====== DATA ======

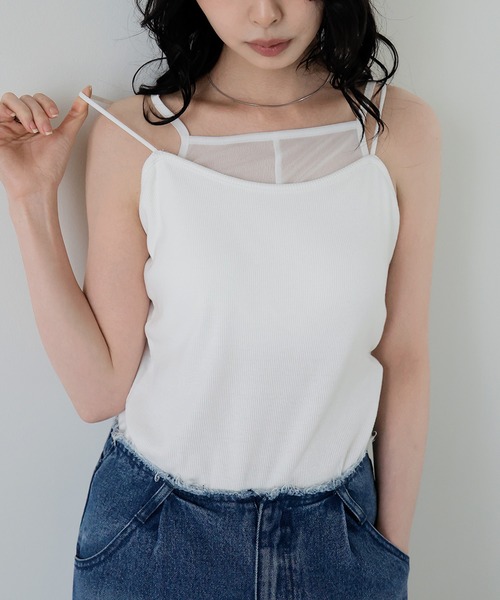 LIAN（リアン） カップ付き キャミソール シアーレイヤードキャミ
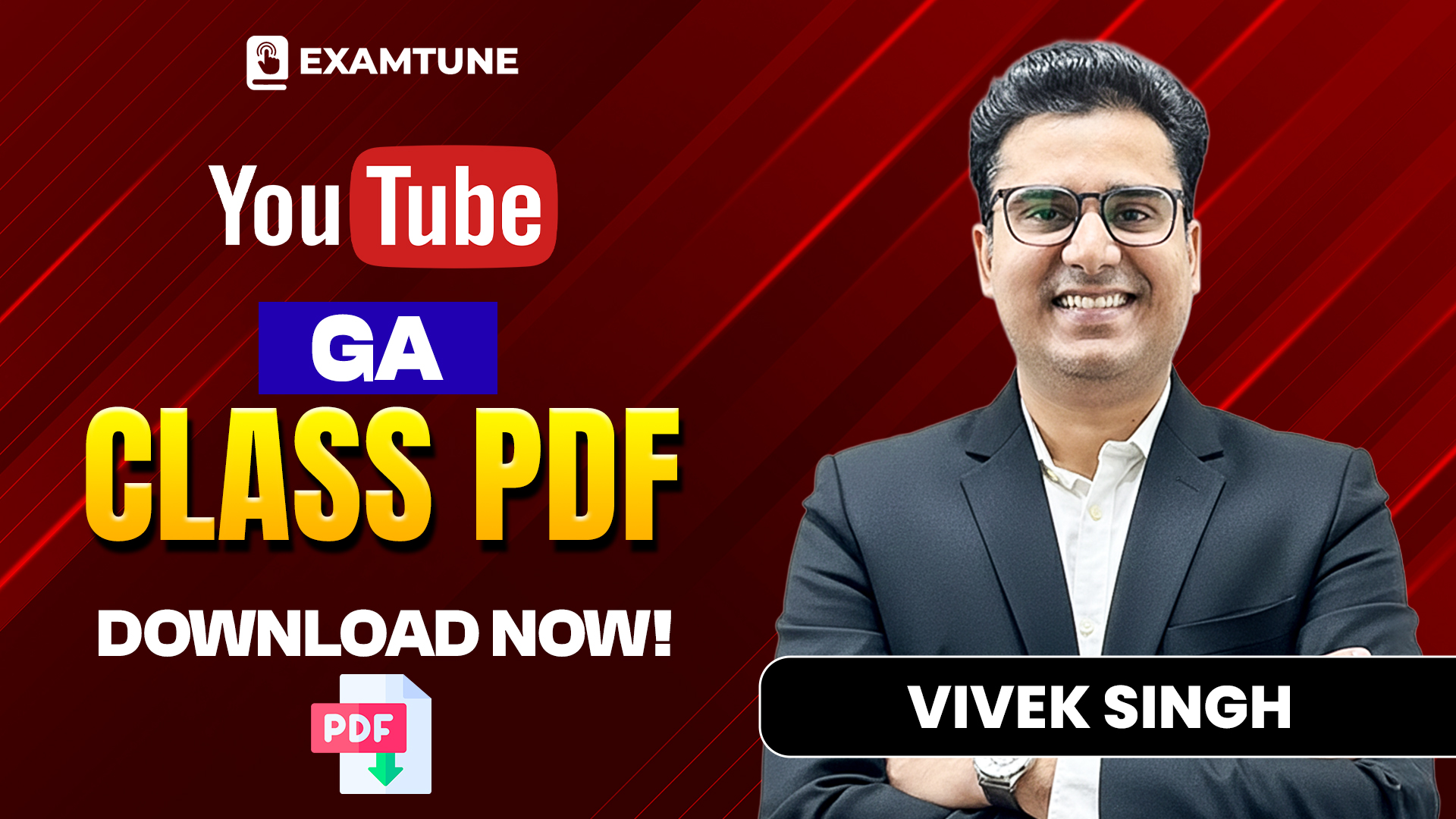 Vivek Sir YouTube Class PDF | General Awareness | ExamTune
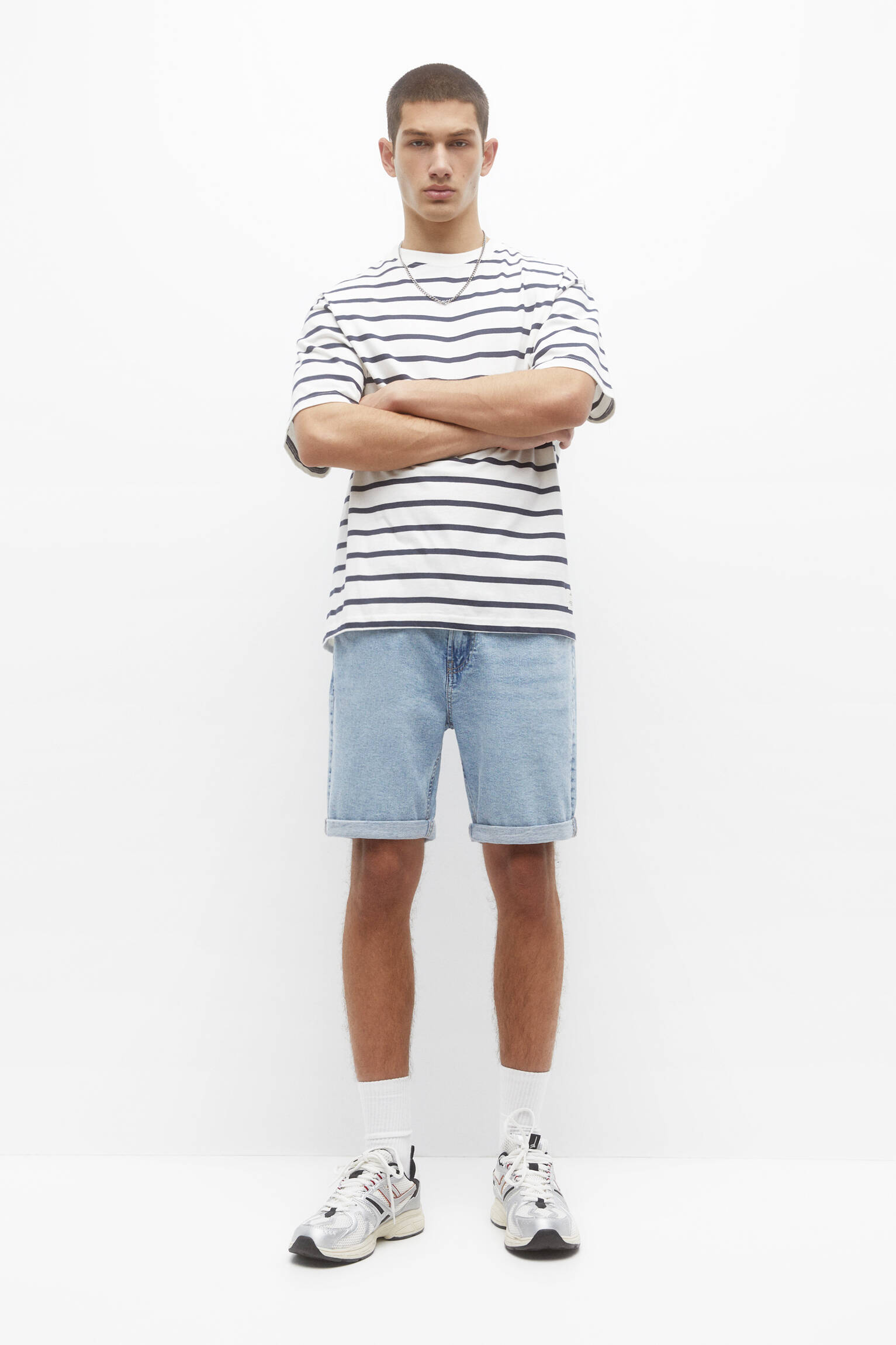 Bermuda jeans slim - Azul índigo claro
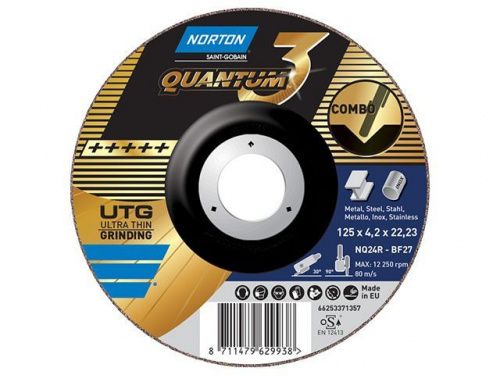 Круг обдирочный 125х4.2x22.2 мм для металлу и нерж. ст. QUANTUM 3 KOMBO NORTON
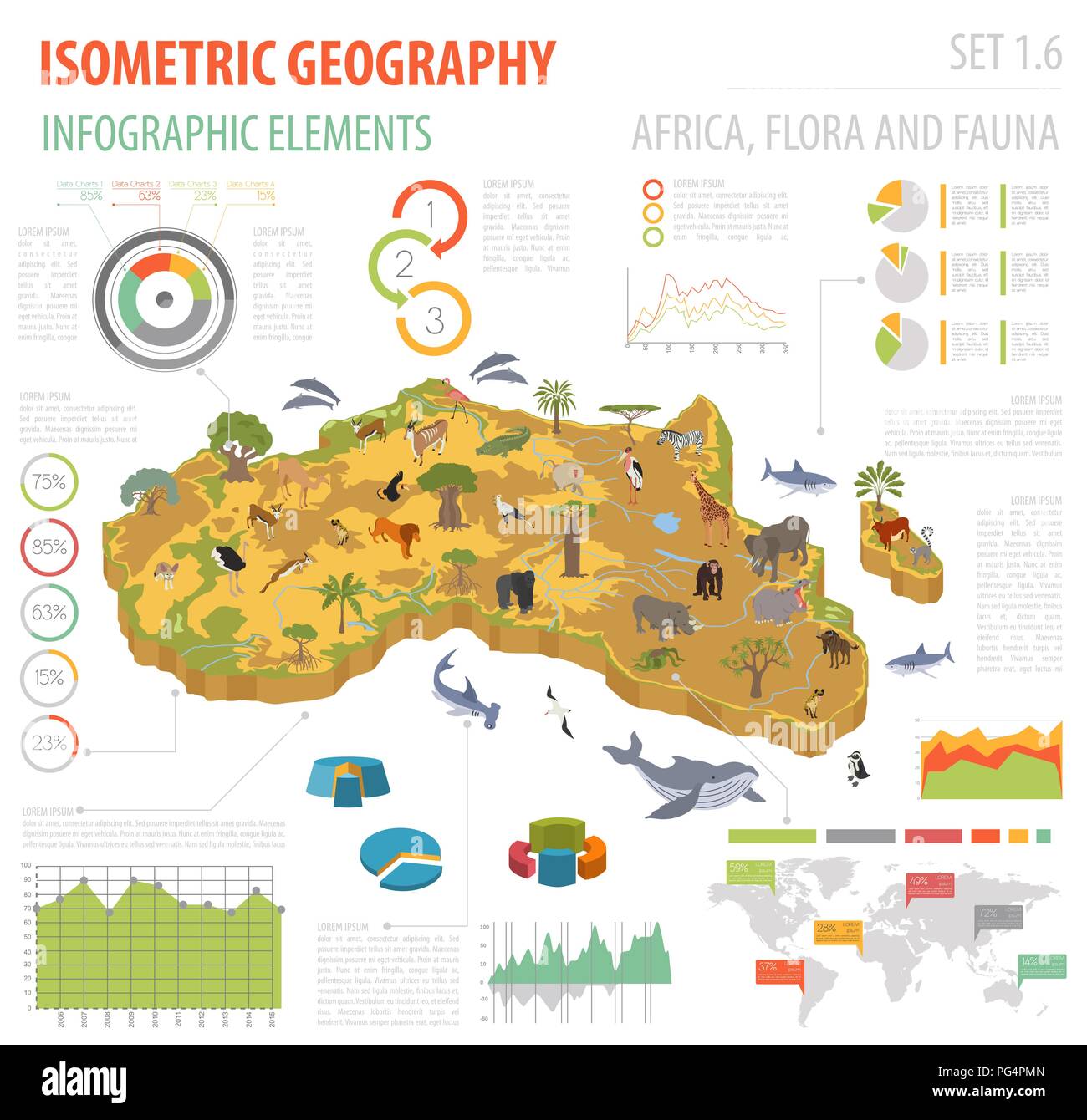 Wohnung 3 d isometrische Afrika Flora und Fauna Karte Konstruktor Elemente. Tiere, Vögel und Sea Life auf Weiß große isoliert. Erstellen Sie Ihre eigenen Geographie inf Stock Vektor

======
====== DATA ======

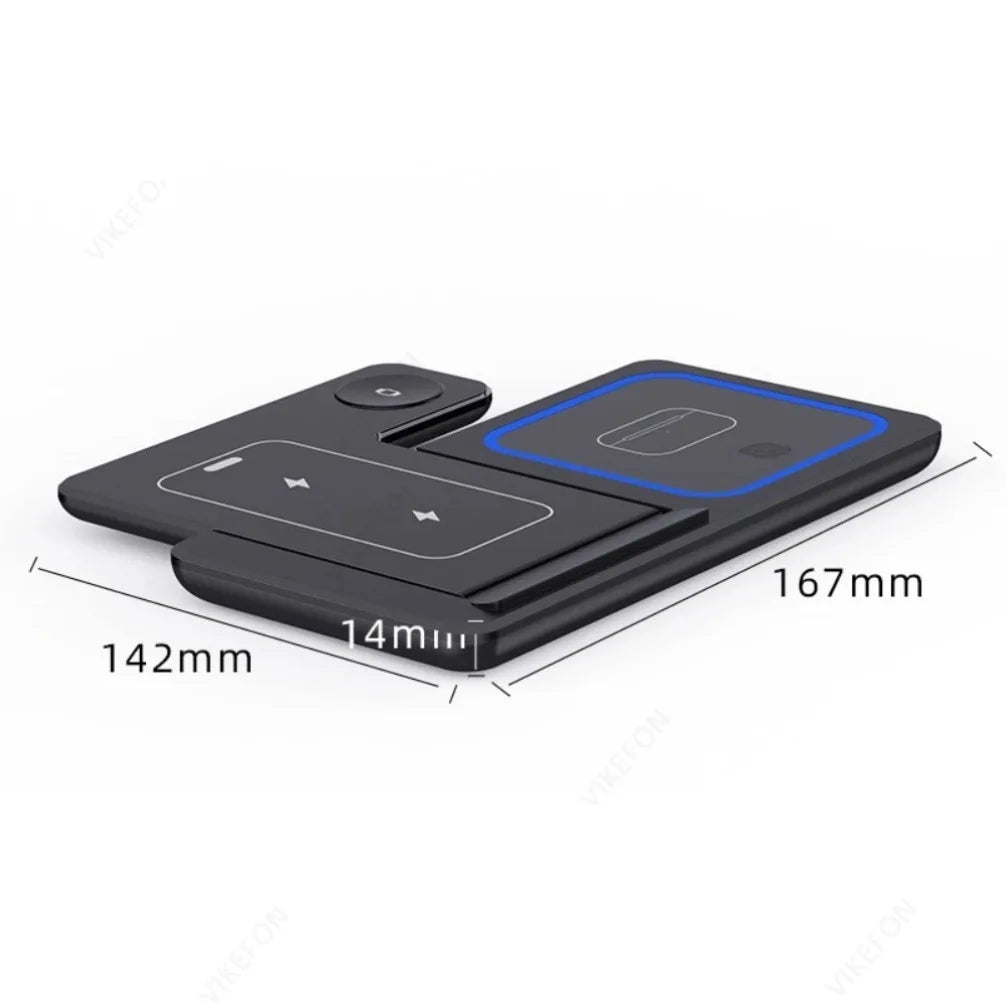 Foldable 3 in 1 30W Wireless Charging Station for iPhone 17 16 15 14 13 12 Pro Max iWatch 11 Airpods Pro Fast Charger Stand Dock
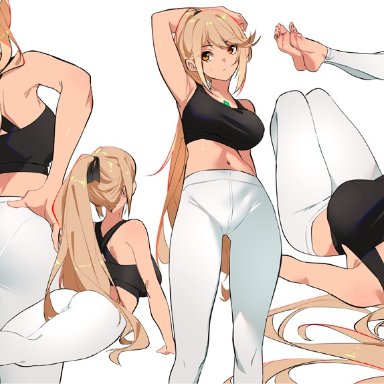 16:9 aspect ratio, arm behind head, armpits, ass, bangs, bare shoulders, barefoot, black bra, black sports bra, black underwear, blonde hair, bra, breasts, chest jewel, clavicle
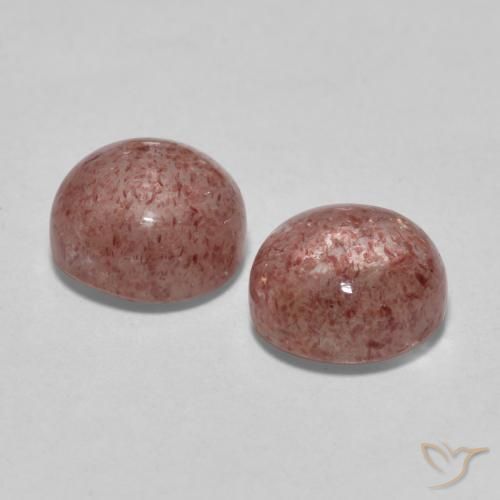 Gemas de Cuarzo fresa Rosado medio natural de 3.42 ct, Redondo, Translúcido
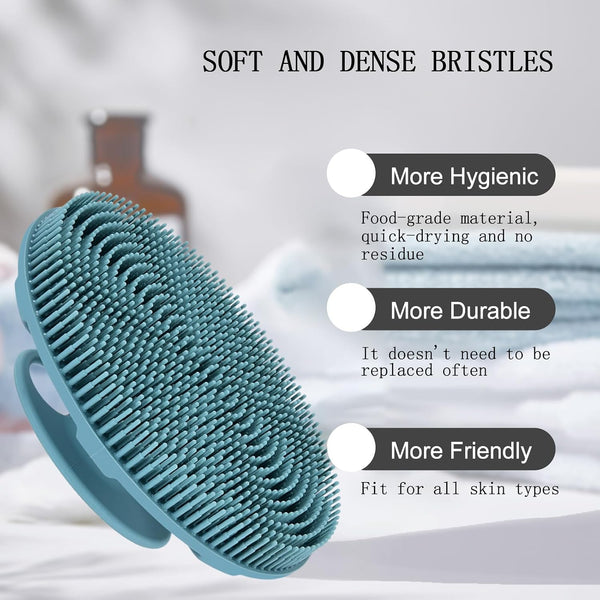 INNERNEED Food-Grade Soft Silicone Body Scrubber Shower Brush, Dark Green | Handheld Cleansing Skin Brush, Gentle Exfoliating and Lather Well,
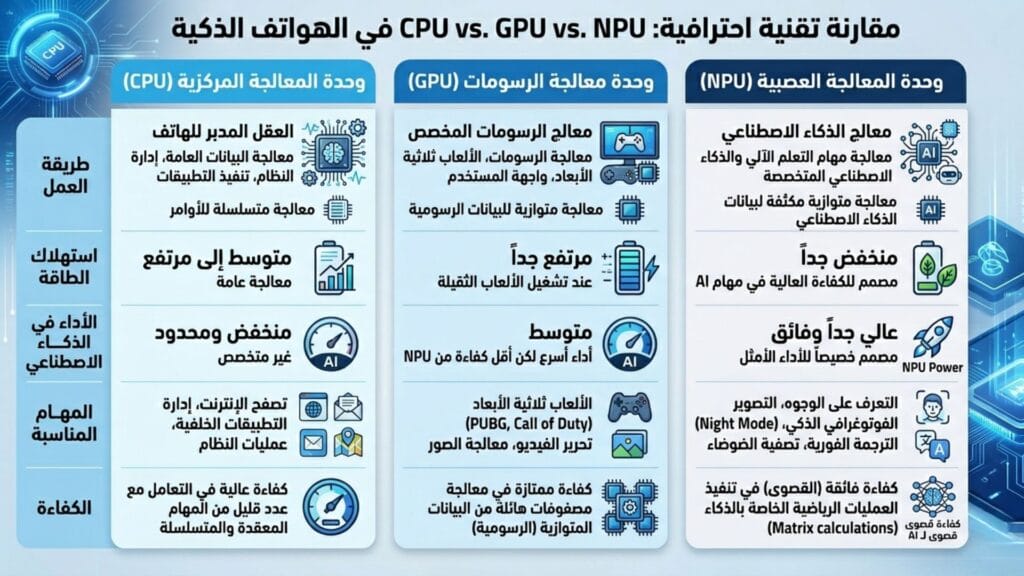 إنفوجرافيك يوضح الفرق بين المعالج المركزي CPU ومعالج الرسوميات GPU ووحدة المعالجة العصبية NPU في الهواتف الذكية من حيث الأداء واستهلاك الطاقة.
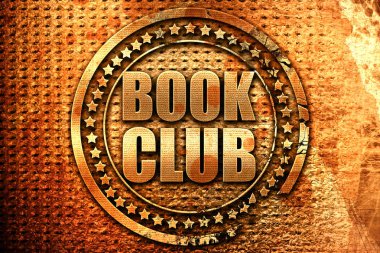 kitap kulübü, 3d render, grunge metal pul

======

__YOUR GOAL__. From the line containing "INNERNEED Food-Grade Soft" through the line containing "kitap kulübü, 3d render, grunge metal pul", copy every line above exactly, without pictures.

__SOLUTION FOR THIS TASK__.
 INNERNEED Food-Grade Soft Silicone Body Scrubber Shower Brush, Dark Green | Handheld Cleansing Skin Brush, Gentle Exfoliating and Lather Well,
 إنفوجرافيك يوضح الفرق بين المعالج المركزي CPU ومعالج الرسوميات GPU ووحدة المعالجة العصبية NPU في الهواتف الذكية من حيث الأداء واستهلاك الطاقة.
 kitap kulübü, 3d render, grunge metal pul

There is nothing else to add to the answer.